▶ **WHAT YOU NEED TO DO**:
Return exactly the listing's lines, from its first line to the line holding "a woman in a", ends included.

Segment Open

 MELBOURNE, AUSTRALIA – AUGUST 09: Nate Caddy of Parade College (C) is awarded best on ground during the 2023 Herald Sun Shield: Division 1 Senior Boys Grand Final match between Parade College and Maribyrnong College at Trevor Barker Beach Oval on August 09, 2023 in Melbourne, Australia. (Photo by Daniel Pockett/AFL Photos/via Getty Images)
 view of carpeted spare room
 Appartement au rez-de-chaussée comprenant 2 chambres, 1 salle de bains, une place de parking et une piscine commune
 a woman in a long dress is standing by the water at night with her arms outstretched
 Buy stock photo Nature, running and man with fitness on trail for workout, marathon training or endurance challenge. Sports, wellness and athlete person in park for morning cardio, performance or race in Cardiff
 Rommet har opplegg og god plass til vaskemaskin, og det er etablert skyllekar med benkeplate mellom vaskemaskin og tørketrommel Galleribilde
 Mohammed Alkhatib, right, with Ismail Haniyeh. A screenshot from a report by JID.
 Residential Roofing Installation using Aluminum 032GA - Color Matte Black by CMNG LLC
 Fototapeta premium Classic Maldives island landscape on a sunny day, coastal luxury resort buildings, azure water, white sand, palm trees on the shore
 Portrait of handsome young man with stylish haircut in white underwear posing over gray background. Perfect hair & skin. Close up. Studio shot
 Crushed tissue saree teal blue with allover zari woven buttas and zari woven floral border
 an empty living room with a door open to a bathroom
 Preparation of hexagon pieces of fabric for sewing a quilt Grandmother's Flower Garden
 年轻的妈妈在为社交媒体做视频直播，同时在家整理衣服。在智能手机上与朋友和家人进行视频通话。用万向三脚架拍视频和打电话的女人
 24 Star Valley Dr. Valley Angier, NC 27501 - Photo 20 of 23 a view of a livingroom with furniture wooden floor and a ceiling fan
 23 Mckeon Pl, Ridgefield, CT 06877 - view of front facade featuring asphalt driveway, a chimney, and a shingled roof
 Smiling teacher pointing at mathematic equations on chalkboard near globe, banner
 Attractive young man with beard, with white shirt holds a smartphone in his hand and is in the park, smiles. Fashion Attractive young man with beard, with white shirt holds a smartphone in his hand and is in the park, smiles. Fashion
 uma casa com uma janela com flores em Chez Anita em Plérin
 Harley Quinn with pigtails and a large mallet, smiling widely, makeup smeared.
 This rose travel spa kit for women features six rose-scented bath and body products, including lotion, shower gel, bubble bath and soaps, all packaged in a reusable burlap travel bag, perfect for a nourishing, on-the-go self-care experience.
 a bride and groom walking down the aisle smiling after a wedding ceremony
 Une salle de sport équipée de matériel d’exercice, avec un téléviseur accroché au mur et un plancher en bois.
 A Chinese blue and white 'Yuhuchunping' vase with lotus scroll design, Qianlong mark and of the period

Segment Closed

▶ **SOLUTION BELOW**:
 MELBOURNE, AUSTRALIA – AUGUST 09: Nate Caddy of Parade College (C) is awarded best on ground during the 2023 Herald Sun Shield: Division 1 Senior Boys Grand Final match between Parade College and Maribyrnong College at Trevor Barker Beach Oval on August 09, 2023 in Melbourne, Australia. (Photo by Daniel Pockett/AFL Photos/via Getty Images)
 view of carpeted spare room
 Appartement au rez-de-chaussée comprenant 2 chambres, 1 salle de bains, une place de parking et une piscine commune
 a woman in a long dress is standing by the water at night with her arms outstretched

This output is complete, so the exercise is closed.